• TASK DETAILS: When the line containing "1/4 Jamieson Court, Pakenham VIC 3810" is found in the data below, give it again along with every later line, exactly; drop the pictures.

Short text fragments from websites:
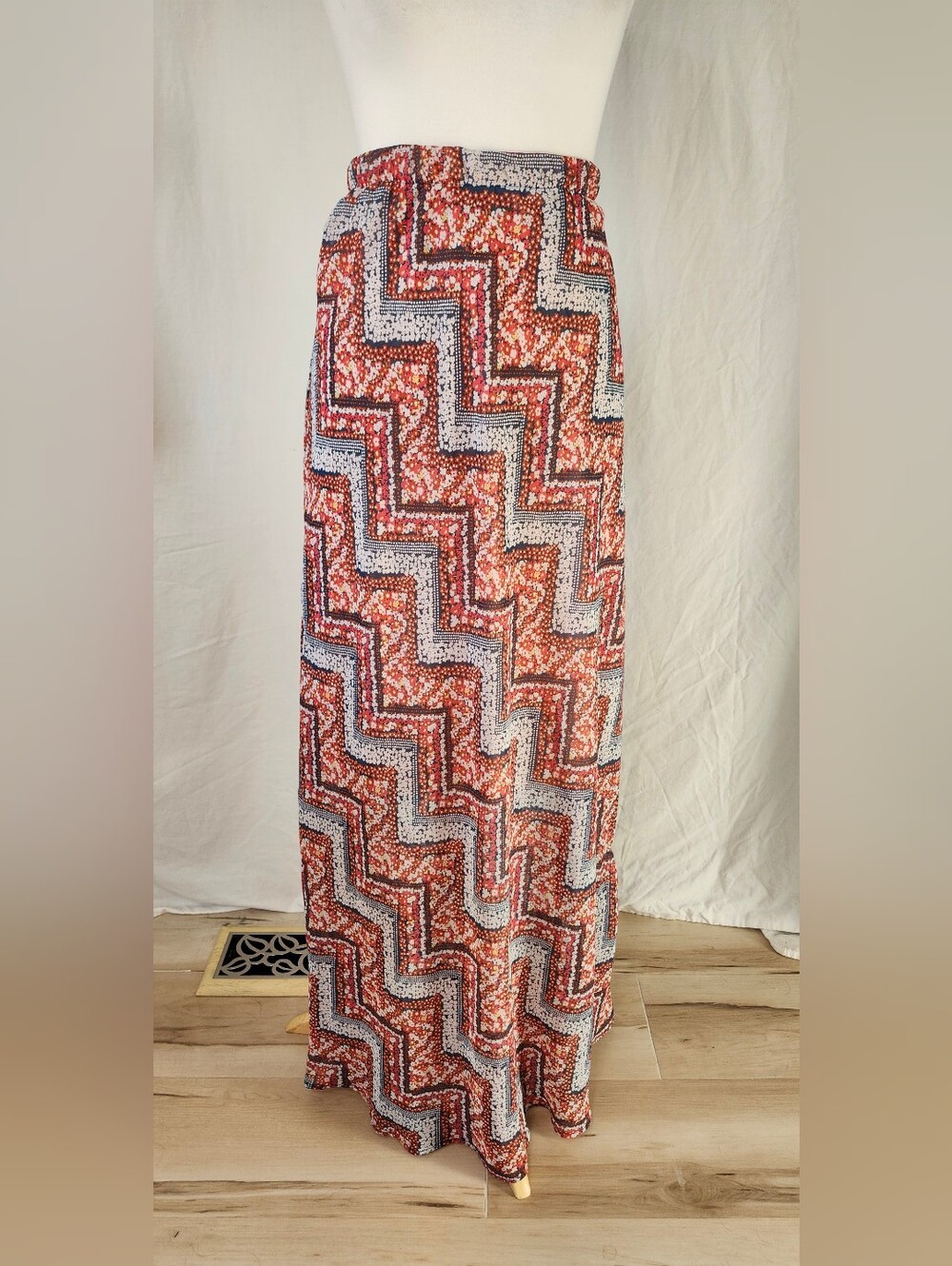 Roper Red and White Geometric Lined Maxi Skirt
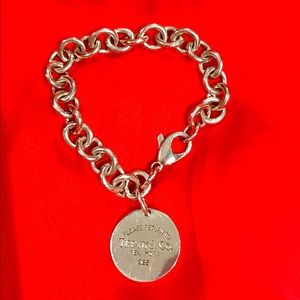 Return to Tiffany bracelet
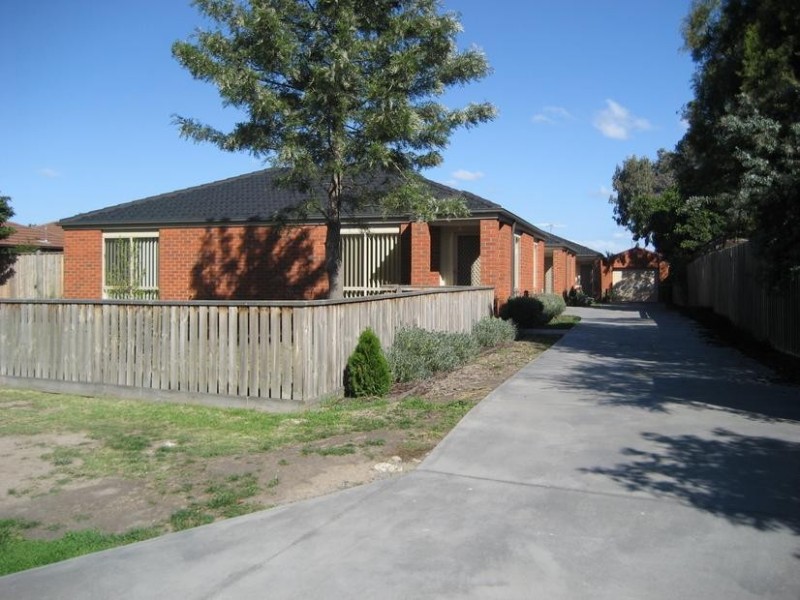 1/4 Jamieson Court, Pakenham VIC 3810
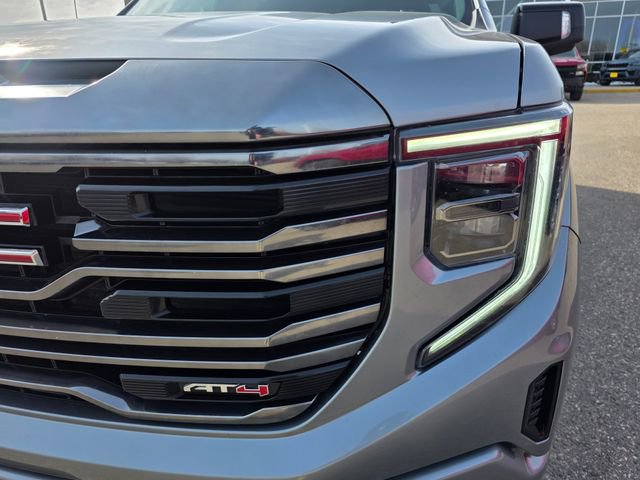 Used 2023 GMC Sierra 1500 AT4 w/ Technology Package AWD/4WD image 3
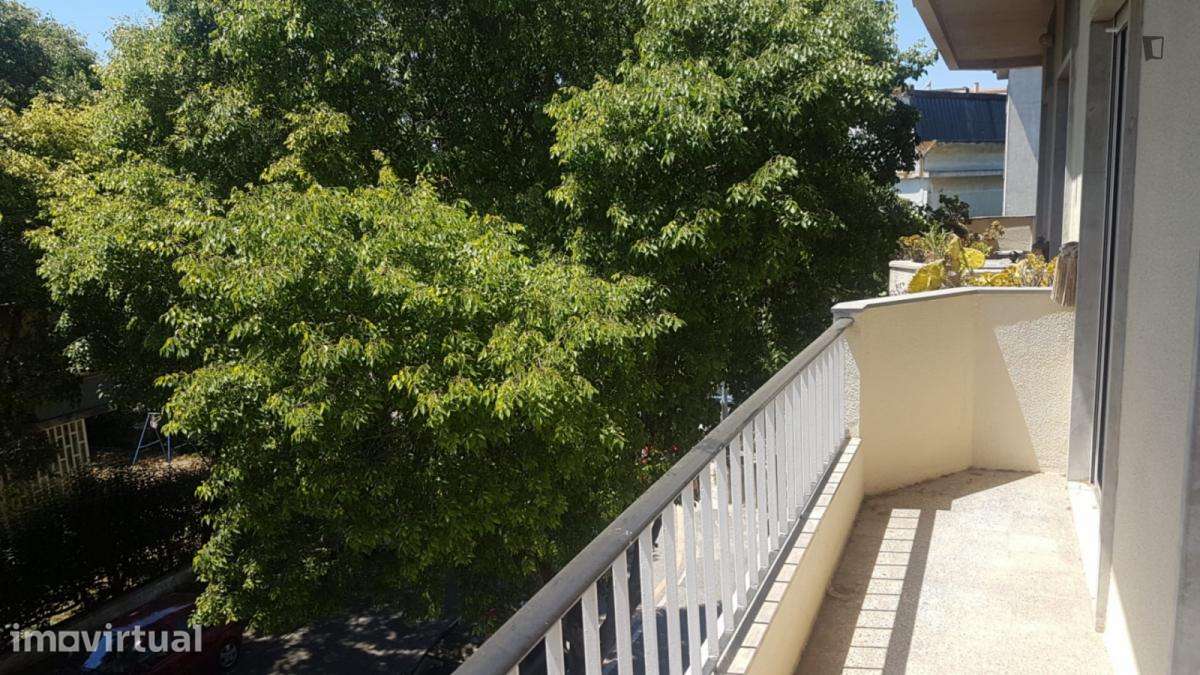 Quarto - localizado em Oeiras Lisbon - Grande imagem: 5/10
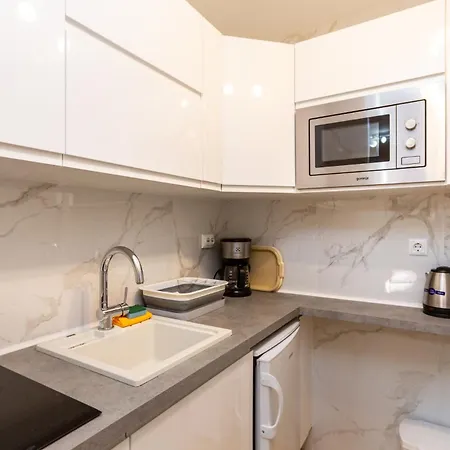 Senad - Mali - Mpolo Apartman *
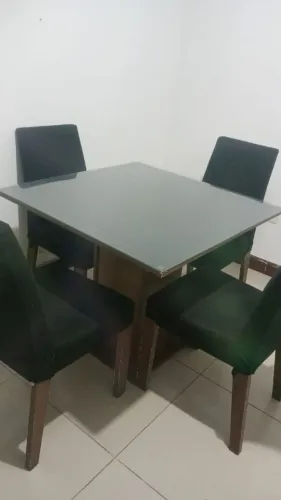 Mesa 4 cadeiras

• OUTPUT OF THE EXERCISE:
 1/4 Jamieson Court, Pakenham VIC 3810
 Used 2023 GMC Sierra 1500 AT4 w/ Technology Package AWD/4WD image 3
 Quarto - localizado em Oeiras Lisbon - Grande imagem: 5/10
 Senad - Mali - Mpolo Apartman *
 Mesa 4 cadeiras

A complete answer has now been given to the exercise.